Wednesday, December 19, 2012


As my work continues to feature the creations of Renaissance artists, a distinction and characteristic growing with each and every book, it feels only appropriate to honor the season with some of the greatest masterpieces capturing the moment.

The most powerful philosophical and spiritual movement of the Renaissance was that of the Humanist—a rise in the importance of the individual, a desire for beauty and joy in life, intellectual conquest of physical realities, a renewal of pagan pursuits of happiness, and, most of all, an awakening consciousness of the connection of the individual to the natural world in which they exist. All that said, the art of the time was most thoroughly saturated by religious themes. The affluence of the age, however, allowed for wealthy patrons to insert themselves into these religious artistic compositions.

It would be a dishonor to begin this homage to Renaissance nativity works, were it not to begin with Leonardo da Vinci, thrillingly a main character in the current work in progress series. Da Vinci’s Adoration of the Magi (Florence, Galleria degli Uffizi) is not only a statement of the evolution of his technique; it is also a prime example of his inability to bring works to their full fruition.
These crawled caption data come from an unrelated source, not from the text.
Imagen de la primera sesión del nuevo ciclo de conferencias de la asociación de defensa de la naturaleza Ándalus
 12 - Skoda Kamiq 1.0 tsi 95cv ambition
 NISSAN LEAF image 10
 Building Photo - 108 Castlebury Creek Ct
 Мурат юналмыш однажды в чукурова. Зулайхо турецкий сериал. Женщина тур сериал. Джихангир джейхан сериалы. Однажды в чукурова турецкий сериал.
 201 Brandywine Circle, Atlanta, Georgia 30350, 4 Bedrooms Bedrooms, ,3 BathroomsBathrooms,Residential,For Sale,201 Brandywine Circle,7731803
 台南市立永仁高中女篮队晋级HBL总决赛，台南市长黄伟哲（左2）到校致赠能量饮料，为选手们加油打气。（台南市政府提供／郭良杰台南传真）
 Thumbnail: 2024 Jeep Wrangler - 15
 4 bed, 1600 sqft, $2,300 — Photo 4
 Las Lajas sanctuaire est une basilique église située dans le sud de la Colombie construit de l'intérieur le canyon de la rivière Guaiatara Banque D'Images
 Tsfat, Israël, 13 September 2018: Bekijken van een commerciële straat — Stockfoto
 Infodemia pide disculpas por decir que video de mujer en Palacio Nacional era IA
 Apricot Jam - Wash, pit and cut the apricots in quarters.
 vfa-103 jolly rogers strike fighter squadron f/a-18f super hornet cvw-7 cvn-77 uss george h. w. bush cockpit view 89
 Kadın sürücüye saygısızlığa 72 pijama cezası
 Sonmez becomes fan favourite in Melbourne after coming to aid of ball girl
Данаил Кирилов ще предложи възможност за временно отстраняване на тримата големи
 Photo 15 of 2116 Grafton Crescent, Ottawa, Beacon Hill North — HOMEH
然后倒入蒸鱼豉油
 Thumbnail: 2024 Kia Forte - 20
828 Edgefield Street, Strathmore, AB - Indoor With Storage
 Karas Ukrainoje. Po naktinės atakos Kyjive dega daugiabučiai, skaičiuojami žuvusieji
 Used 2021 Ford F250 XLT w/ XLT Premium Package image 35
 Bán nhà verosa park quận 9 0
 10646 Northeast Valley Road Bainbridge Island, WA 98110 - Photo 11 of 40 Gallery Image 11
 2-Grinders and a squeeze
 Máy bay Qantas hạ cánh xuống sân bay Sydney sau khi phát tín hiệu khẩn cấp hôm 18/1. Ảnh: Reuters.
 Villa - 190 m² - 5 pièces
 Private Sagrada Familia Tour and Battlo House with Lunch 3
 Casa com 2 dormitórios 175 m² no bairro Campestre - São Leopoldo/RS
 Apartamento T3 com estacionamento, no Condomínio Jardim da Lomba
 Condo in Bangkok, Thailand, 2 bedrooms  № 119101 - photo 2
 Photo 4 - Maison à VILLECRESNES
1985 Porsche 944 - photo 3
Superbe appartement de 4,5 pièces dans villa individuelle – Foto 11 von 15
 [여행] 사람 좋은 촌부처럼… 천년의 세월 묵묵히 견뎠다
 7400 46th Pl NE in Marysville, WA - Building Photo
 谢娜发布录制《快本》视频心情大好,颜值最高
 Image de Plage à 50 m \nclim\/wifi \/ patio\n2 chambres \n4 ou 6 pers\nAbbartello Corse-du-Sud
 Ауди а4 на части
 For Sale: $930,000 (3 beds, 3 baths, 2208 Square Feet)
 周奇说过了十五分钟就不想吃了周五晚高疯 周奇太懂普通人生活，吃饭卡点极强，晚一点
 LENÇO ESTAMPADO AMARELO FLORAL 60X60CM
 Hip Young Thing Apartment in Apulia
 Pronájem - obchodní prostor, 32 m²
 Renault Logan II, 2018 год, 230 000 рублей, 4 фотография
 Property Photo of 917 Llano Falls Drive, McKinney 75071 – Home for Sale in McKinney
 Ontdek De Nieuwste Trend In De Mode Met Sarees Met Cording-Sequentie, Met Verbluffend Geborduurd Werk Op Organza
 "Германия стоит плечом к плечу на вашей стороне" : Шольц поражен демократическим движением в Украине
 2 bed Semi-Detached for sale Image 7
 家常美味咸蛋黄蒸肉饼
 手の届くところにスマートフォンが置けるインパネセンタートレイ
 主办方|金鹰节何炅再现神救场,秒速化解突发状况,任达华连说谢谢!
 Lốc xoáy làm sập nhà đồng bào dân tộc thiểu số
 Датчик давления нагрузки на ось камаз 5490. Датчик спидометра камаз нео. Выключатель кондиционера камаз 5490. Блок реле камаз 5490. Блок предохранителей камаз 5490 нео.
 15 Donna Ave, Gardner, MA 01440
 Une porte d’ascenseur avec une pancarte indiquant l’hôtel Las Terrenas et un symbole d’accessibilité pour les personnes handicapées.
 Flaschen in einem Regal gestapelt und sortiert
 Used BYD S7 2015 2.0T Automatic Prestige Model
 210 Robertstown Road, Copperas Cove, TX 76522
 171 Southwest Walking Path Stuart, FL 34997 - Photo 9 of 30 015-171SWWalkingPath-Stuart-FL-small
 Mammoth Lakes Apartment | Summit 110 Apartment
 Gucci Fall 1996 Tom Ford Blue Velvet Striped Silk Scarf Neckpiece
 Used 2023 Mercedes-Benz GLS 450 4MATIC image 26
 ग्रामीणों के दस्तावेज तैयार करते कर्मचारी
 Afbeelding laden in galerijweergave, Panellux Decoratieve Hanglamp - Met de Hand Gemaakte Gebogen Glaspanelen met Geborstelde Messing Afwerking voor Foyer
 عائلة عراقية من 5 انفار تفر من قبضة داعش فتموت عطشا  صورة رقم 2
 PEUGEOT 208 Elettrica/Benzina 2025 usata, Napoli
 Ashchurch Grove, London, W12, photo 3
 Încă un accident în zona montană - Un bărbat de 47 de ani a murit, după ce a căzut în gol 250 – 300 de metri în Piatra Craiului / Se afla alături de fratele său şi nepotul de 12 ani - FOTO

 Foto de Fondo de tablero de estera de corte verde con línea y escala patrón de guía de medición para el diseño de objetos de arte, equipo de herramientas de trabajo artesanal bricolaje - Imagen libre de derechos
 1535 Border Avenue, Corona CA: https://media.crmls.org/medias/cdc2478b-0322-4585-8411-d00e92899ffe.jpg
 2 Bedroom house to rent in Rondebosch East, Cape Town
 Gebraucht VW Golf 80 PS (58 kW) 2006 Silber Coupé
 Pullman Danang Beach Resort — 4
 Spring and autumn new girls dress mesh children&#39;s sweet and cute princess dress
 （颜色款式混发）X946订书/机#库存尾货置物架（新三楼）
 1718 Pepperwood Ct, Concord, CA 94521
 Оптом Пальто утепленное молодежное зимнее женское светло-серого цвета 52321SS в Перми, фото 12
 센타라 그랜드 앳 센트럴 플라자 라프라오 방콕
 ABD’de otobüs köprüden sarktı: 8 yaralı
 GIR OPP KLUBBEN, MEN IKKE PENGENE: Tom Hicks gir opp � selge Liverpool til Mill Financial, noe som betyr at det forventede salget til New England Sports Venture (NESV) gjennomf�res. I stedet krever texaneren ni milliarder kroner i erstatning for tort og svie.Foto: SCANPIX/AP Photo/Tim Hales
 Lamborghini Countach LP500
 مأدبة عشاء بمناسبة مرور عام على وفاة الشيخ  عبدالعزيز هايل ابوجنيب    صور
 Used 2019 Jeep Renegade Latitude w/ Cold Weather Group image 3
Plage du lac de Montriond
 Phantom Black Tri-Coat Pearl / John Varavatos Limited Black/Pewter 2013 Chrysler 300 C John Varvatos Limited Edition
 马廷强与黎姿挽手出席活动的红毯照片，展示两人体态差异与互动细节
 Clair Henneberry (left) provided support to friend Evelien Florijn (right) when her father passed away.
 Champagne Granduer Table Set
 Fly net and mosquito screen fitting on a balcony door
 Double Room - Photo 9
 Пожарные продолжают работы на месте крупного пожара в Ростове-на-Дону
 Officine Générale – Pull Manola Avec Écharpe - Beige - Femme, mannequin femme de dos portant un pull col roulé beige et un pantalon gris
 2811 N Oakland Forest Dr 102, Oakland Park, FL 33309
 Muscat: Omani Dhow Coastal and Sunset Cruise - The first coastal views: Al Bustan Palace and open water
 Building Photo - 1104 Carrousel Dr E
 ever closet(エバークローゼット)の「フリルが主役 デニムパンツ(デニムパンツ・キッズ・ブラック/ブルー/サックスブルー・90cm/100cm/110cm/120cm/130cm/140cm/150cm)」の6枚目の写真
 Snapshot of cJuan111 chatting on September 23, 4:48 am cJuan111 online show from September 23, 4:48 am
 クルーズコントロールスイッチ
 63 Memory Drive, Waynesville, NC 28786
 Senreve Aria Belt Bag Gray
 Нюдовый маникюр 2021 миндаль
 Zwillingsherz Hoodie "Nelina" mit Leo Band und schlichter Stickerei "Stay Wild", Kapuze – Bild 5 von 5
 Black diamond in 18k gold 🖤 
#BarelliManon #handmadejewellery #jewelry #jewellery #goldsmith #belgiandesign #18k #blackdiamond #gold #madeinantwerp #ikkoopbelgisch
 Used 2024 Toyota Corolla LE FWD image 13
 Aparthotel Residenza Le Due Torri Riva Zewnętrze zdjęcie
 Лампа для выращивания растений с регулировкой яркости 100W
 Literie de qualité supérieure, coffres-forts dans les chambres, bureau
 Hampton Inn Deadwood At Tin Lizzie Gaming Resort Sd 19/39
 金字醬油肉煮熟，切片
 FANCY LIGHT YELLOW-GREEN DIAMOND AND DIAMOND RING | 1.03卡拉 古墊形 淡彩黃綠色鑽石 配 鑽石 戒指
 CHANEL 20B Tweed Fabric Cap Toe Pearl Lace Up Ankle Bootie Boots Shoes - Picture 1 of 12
This work, oil on wood, da Vinci began in 1481 as a commission for the altarpiece of the Scopeto Monastery of San Donato. The methodology da Vinci used would mark a progression, not only in his own work, but of those of the era, most specifically in the manner in which figures are represented. There is clearly a sense of dynamic movement to the many people surrounding Mary and her son Jesus. Here we find also a method called chiaroscuro where the contrast of light and dark is manipulated to show a figure’s relative position to others and to the very ground upon which they stand or sit. Unfortunately, the painting was never completed; Leonardo abandoned the work two years later when he left for Milan and the regular income offered to him by the Duke of that province. As an aside, much is theorized on da Vinci’s inability to complete projects, many of them quite derogatory. In this author’s humble opinion it was a question of mastery; once he mastered the technique he set out to achieve for any individual work, he lost interest, having made the conquest, what then was left for him to achieve in the work. It was a symptom of his particular brand of genius. It was a blessing…and a curse.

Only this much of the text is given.